Selon le rapport annuel de l’AIE (Agence internationale de l'énergie), la production de pétrole américaine pourrait dépasser celle de l’Arabie saoudite vers 2020, rapporte Les Echos. L’AIE prédit que les Etats-Unis réduiront leur dépendance au pétrole importé, de 50 % aujourd’hui à moins de 30 % en 2035. Et que, en conséquence, le continent nord-américain dans son ensemble deviendra exportateur net de pétrole aux alentours de 2030. Les relations entre les Etats-Unis et les pays du Moyen-Orient - et donc l'équilibre géopolitique mondial -pourrait s’en trouver bouleversé.
Ces cinq dernières années, les banques européennes n’ont guère brillé en Bourse, avec un recul de près de 65% en termes absolus et de 50% par rapport au marché, rapporte Nuno Texeira, directeur général de Schroders France dans L’Agefi. Pour l’année 2012, on observe un écart de 80% entre la performance, à mi-octobre, du 1er quartile des meilleures performances (+39%) et du dernier quartile (-41%) ! Une des explications est l'évolution de l’exposition des banques européennes à la dette des pays dits «périphériques». Si cette dernière s’est contractée de 2.715 à 2.195 milliards de dollars, certaines banques ont sensiblement réduit leur exposition, tandis que d’autres se sont renforcées, précise Nuno Texeira.
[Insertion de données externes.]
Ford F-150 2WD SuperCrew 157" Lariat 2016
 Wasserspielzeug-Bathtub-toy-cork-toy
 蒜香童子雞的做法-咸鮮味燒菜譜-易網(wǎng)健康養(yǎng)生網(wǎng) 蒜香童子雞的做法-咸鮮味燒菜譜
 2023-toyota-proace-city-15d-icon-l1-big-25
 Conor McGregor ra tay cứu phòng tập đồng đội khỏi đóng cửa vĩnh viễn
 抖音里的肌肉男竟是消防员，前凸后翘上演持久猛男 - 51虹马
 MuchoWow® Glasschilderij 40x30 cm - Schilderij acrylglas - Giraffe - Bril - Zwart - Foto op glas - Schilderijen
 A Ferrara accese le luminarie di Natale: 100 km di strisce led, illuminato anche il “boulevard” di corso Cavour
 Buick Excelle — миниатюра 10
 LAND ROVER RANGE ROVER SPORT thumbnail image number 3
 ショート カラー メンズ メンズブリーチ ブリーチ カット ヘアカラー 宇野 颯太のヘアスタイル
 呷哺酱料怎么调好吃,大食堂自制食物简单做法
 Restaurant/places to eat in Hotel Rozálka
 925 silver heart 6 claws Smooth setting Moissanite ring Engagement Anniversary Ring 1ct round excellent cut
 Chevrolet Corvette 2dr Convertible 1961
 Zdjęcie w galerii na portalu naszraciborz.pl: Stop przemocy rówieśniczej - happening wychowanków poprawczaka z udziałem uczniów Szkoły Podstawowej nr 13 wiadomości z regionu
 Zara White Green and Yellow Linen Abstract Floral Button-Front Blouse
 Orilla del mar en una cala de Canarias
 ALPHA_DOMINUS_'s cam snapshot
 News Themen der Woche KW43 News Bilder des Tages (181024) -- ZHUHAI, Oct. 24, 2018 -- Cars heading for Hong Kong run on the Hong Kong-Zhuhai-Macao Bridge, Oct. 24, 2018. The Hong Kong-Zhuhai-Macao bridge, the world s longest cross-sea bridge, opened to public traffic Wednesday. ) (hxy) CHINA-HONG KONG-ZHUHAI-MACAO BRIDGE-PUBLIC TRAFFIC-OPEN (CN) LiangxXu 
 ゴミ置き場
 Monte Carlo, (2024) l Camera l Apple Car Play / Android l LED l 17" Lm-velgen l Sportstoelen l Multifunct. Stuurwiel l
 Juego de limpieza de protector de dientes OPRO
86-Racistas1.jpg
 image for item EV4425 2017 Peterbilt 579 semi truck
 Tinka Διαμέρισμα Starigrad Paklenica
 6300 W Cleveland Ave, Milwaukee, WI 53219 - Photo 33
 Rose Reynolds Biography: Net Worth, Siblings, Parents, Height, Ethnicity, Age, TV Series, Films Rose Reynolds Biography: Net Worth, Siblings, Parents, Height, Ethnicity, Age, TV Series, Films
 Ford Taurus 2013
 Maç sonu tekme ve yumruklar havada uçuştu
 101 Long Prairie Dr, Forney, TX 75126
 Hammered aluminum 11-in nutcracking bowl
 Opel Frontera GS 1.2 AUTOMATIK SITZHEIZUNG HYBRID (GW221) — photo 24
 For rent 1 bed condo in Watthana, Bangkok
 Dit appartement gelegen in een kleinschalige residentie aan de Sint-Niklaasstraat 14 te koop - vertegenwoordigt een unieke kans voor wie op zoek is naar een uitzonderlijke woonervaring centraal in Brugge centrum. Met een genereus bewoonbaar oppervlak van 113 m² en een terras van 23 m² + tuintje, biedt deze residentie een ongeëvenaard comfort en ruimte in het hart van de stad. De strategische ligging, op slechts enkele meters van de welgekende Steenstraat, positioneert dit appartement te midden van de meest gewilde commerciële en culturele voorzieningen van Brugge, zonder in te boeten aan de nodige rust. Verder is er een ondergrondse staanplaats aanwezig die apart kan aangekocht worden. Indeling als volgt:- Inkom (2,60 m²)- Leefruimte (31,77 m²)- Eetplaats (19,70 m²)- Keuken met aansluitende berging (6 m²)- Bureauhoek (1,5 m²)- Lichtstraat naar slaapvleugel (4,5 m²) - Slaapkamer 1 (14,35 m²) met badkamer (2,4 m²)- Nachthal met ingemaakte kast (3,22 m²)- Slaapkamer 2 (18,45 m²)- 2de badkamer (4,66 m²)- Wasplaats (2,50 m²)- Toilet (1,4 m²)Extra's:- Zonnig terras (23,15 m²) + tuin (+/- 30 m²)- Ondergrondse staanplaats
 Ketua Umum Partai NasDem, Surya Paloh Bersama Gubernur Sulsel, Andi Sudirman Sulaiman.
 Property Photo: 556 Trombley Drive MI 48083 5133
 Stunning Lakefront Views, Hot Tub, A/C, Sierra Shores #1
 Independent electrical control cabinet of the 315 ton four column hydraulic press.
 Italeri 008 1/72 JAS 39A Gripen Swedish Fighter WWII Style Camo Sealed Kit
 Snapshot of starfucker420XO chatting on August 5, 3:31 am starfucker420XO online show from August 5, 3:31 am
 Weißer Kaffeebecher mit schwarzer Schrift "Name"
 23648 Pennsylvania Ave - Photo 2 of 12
Les retraits de la cote en Grèce, Irlande et dans autres Etats périphériques de la zone euro pourraient dissuader les gérants de fonds d’acquérir des actions des entreprises de ces pays, analyse le Financial Times Fund Management. Le supplément hebdomadaire du FT a appris qu’au moins quatre entreprises de Grèce, d’Espagne, du Portugal et d’Irlande ont engagé des avocats en vue de transférer leur cotation principale à Londres. Les gérants interrogés par le journal estiment que ces retraits de la cote pourraient avoir un impact sur la liquidité des Bourses des pays périphériques de la zone euro, ce qui pourrait influencer les décisions d’investissement.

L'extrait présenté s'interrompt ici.